### How to complete this task
A letter-for-letter copy of the listing is required, with no pictures in it.

### Source material
====

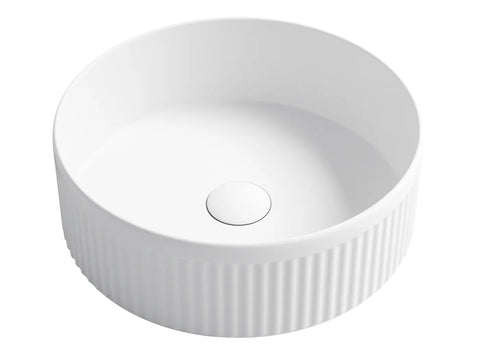 OXFORD Matte White Basin (Round: 395x395x125)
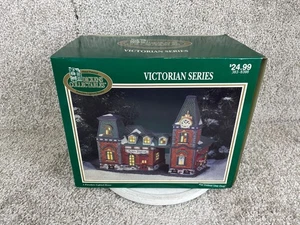 1998 Dickens Collectables Victorian Series Porzellan beleuchtete Häuser getestet/funktioniert - Bild 1 von 18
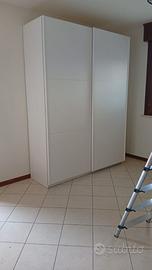 nuovo armadio bianco 2 ante scorrevoli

====

### Task solution
 OXFORD Matte White Basin (Round: 395x395x125)
 1998 Dickens Collectables Victorian Series Porzellan beleuchtete Häuser getestet/funktioniert - Bild 1 von 18
 nuovo armadio bianco 2 ante scorrevoli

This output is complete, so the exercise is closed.